972 F.2d 771
15 Employee Benefits Cas. 2121
PENSION BENEFIT GUARANTY CORPORATION, Plaintiff-Appellant,
ARTRA GROUP, INCORPORATED, Defendant-Appellee.
United States Court of Appeals,
Argued April 30, 1992.
Decided Aug. 11, 1992.
John H. Secaras, Sol. Gen. Department of Labor, Chicago, Ill., Carol Connor Flowe, John H. Falsey, Marc A. Tenenbaum (argued), Tracy Rickett, James Y. Callear, Pension Ben. Guar.
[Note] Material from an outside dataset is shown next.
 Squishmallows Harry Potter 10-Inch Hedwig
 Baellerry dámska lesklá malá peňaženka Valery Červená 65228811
Corp., Legal Dept., Washington, D.C., for plaintiff-appellant.
Marsha A. Tolchin, Adler, Kaplan & Begy, Chicago, Ill., Paul M. Heylman, Scott Robins (argued), Schmeltzer, Aptaker & Shepard, Washington, D.C., James E. Beckley, Beckley & Associates, Wheaton, Ill., for defendant-appellee.
Before CUDAHY and KANNE, Circuit Judges, and ESCHBACH, Senior Circuit Judge.
CUDAHY, Circuit Judge.
Back when it was called Dutch Boy, Artra Group, Inc. participated in a group pension plan for the benefit of its unionized Chicago employees. When Dutch Boy ceased operations in Chicago, it also stopped participating in the plan. The Pension Benefit Guaranty Corporation (PBGC) now guarantees the pension benefits of Artra's former employees. There is not enough money in the plan to pay those benefits, and the PBGC wants Artra to pay the difference.
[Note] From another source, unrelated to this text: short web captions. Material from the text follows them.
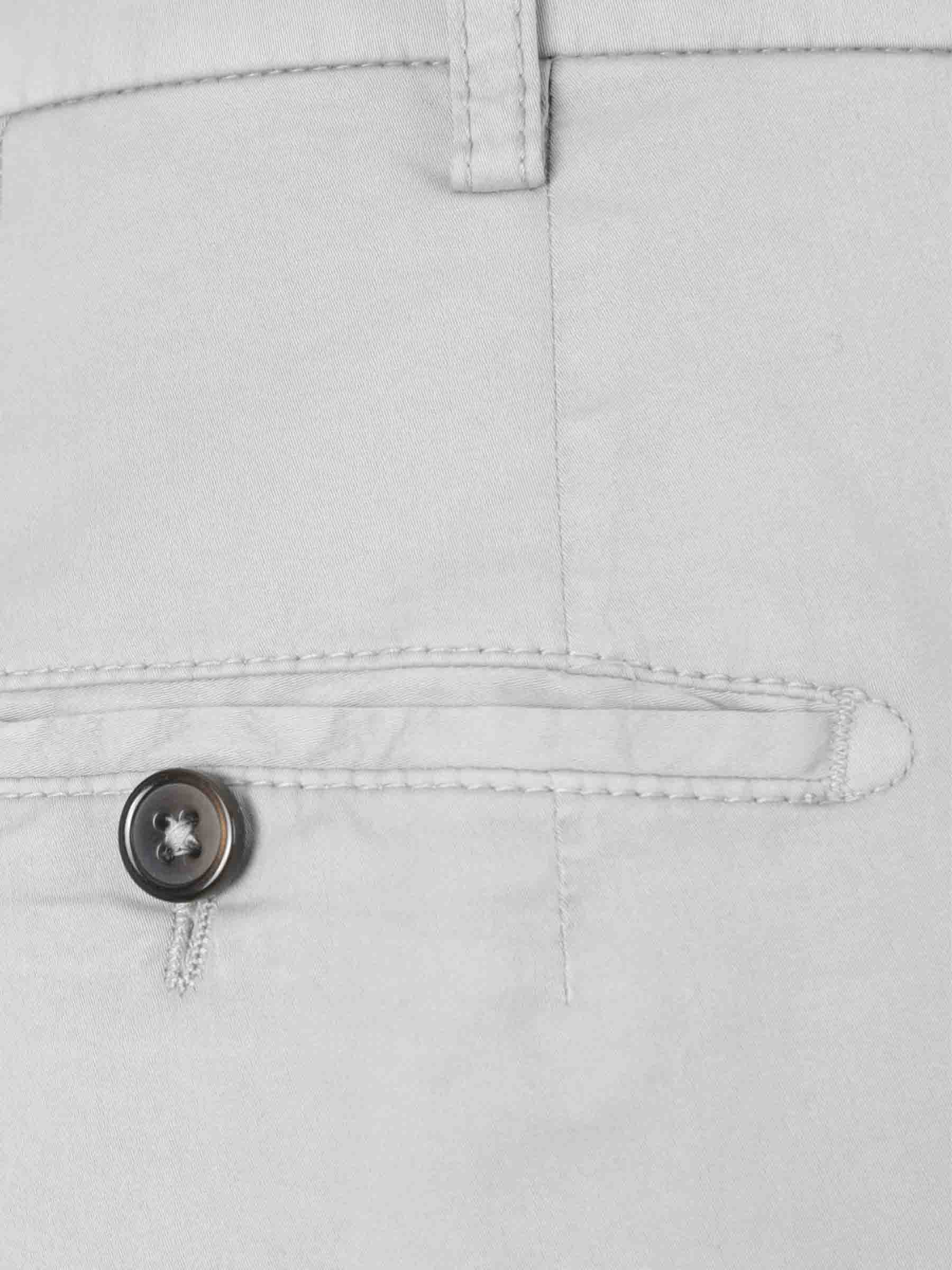 Outlet online Santa Eulalia Hombre Pantalones Formales Algodón color Gris Claro sku 521-003269 05 - Foto 3
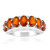 Madeira Citrine Silver Ring (de Melo Essence)
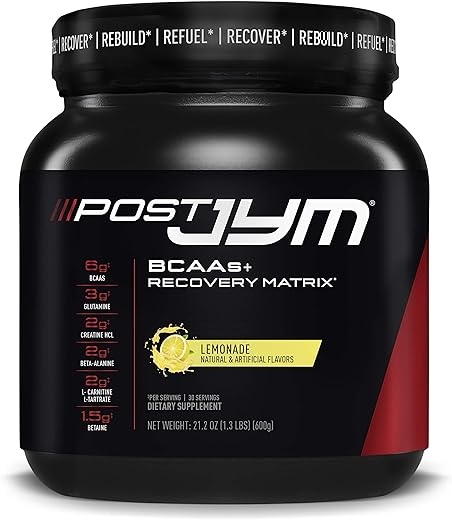 JYM Supplement Science - Post JYM Active Matrix – Limonada: Energize seus treinos com a fórmula poderosa!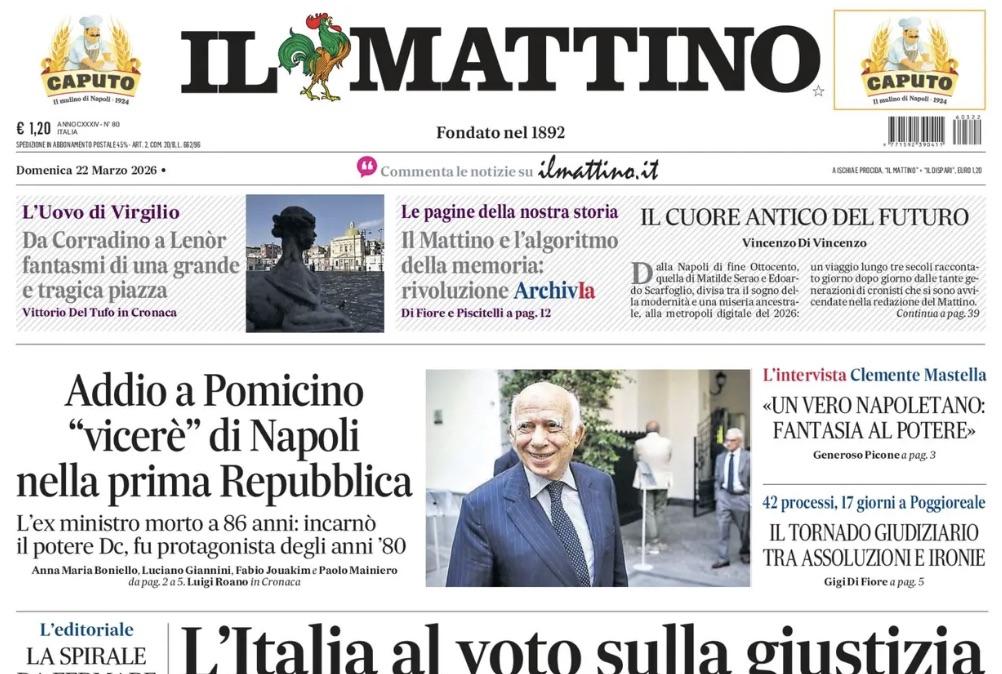 Boom di visitatori allo stadio, Il Mattino: "Tutti pazzi per il Maradona"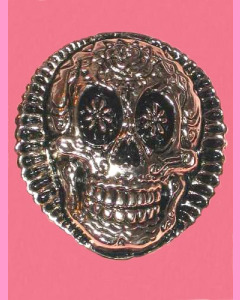 Day of the dead Buckle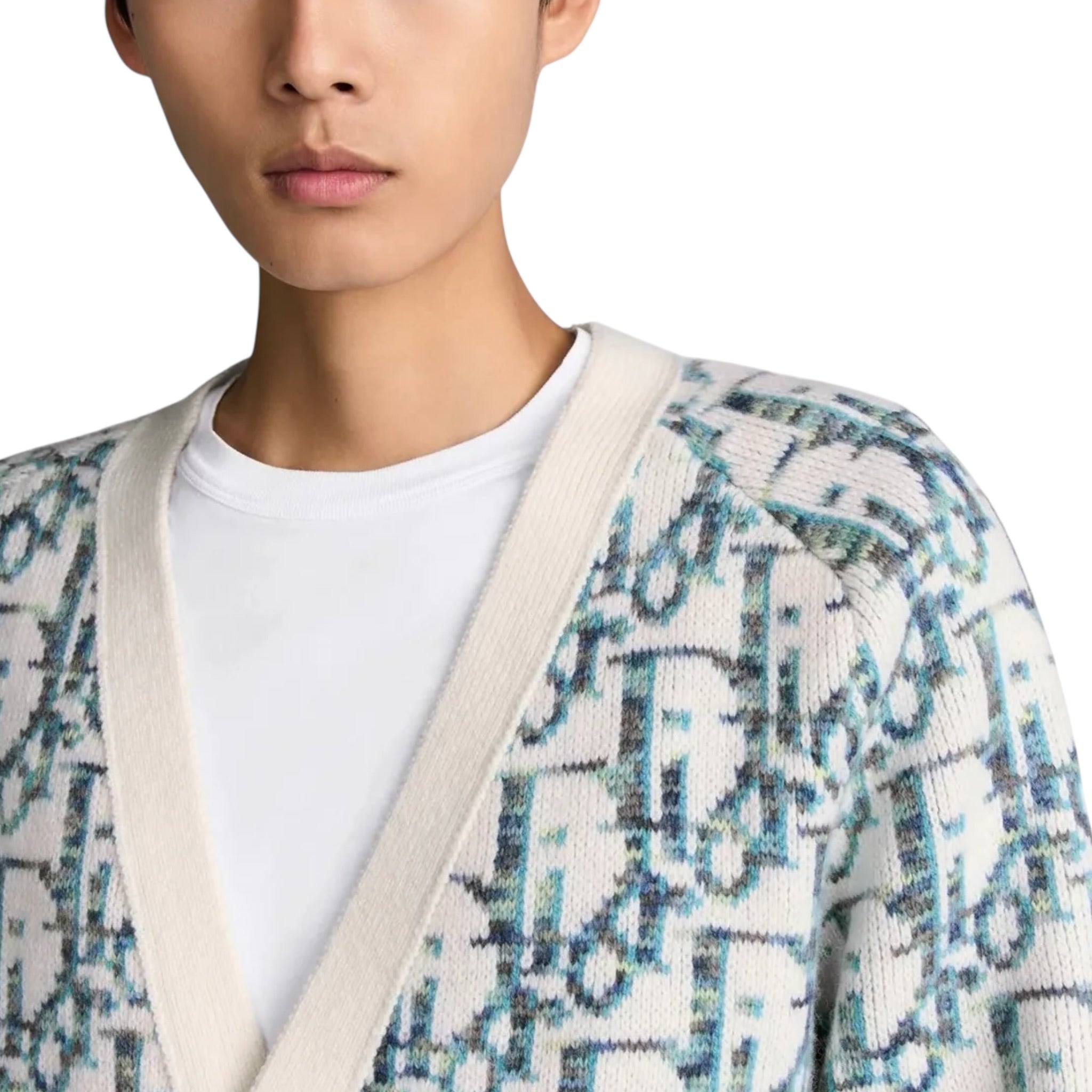Dior oblique cardigan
The district court decided that Artra was not liable for the underfunding because its pension plan was not tax-qualified. 768 F.Supp. 248. We reverse and remand.
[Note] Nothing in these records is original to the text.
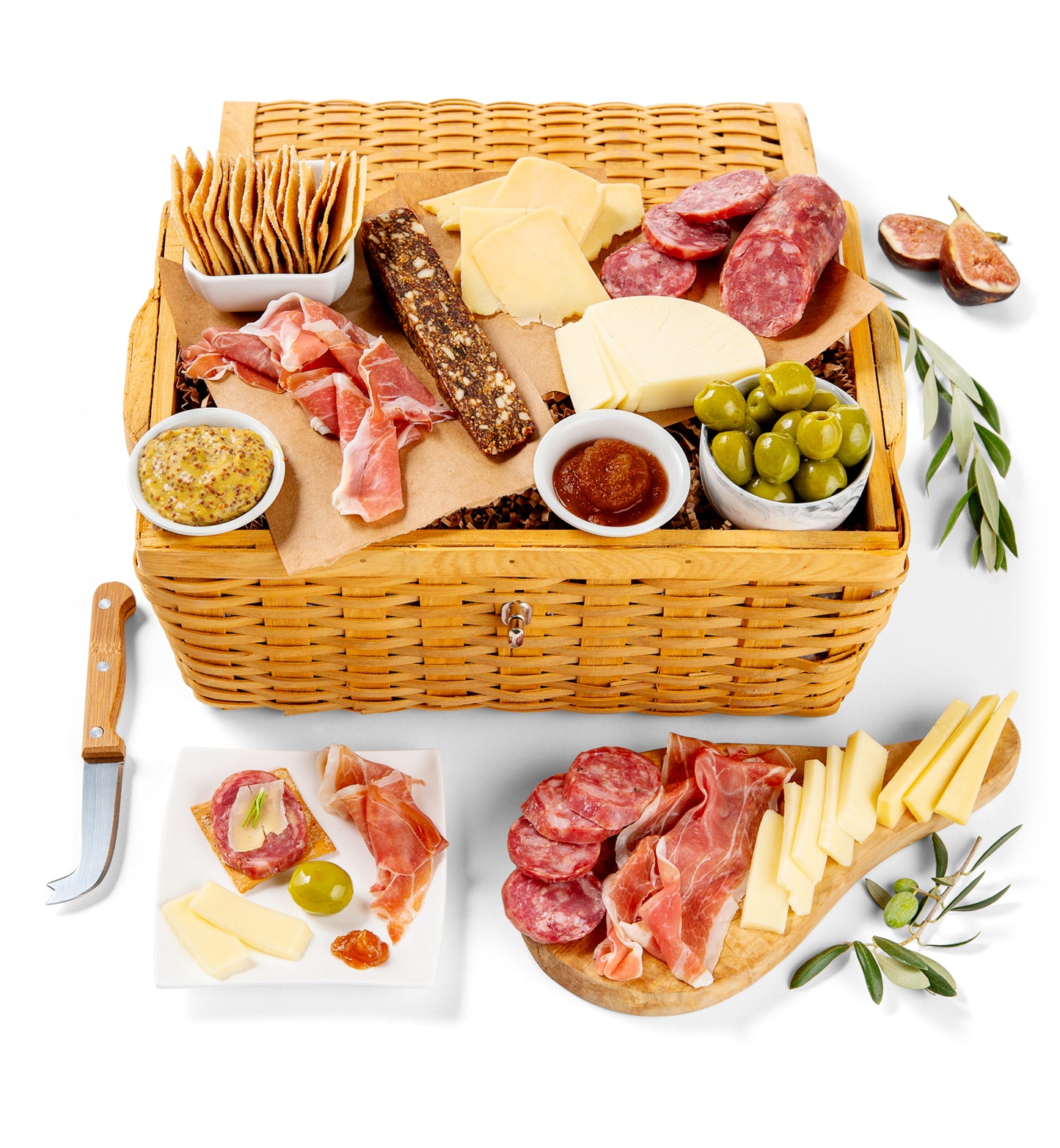 Chef's Choice Picnic Basket Gift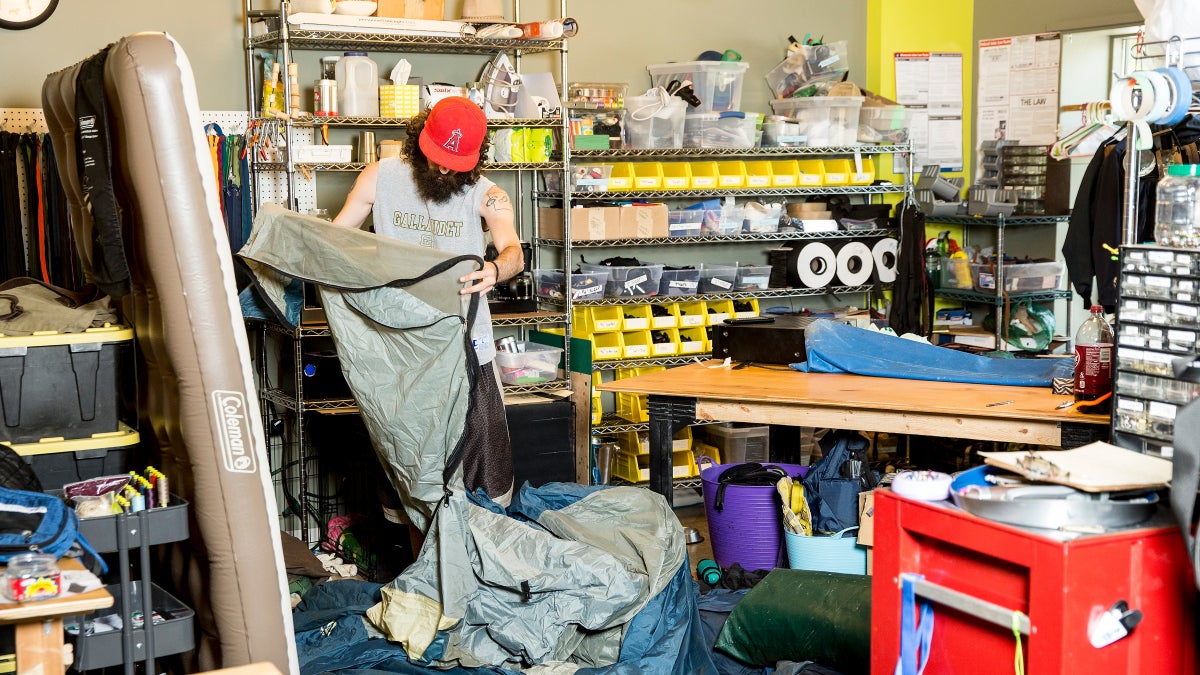 The Coolest Gear Repair Shop in the U.S. Outside Online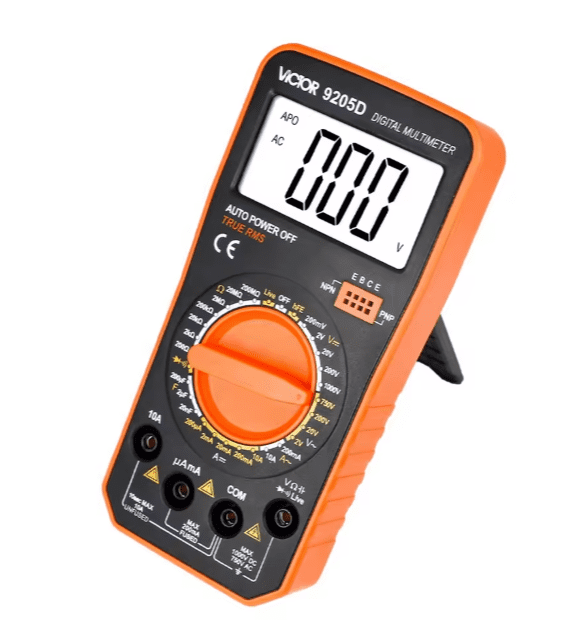 مولتی متر ویکتور (VICTOR) 9205D - تصویر 2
Title IV of the Employee Retirement Income Security Act of 1974 (ERISA) created the PBGC and a pension plan termination insurance program. The purpose of the program is to ensure that retirees will get the benefits they have earned, even if their employer has terminated the pension plan or is otherwise unwilling or unable to pay. Mead Corp. v. Tilley, 490 U.S. 714, 717-18, 109 S.Ct. 2156, 2159, 104 L.Ed.2d 796 (1989). The PBGC administers the program and funds it by charging insurance premiums and by collecting payments from employers who terminate underfunded plans. Id.
An employer's liability for a terminated, underfunded plan depends on the nature of the plan. If the plan is a multiple-employer plan, the employer is generally not liable for underfunding unless it is a "substantial employer" within the meaning of section 4001 of ERISA, 29 U.S.C. § 1301(a)(2), or has made contributions to the plan within the five years preceding the termination of the plan as a whole. 29 U.S.C. §§ 1363, 1364 (ERISA §§ 4063, 4064). If the pension plan is a single-employer plan, however, the employer is liable for any underfunding when the employer terminates the plan, so long as the plan is covered by ERISA. 29 U.S.C. § 1362 (ERISA § 4062). A single-employer plan is covered by ERISA if the plan is tax-qualified under section 401(a) of the Internal Revenue Code, 26 U.S.C. § 401(a), or determined to be tax-qualified by the Secretary of the Treasury. 29 U.S.C. § 1321(a)(2) (ERISA § 4021).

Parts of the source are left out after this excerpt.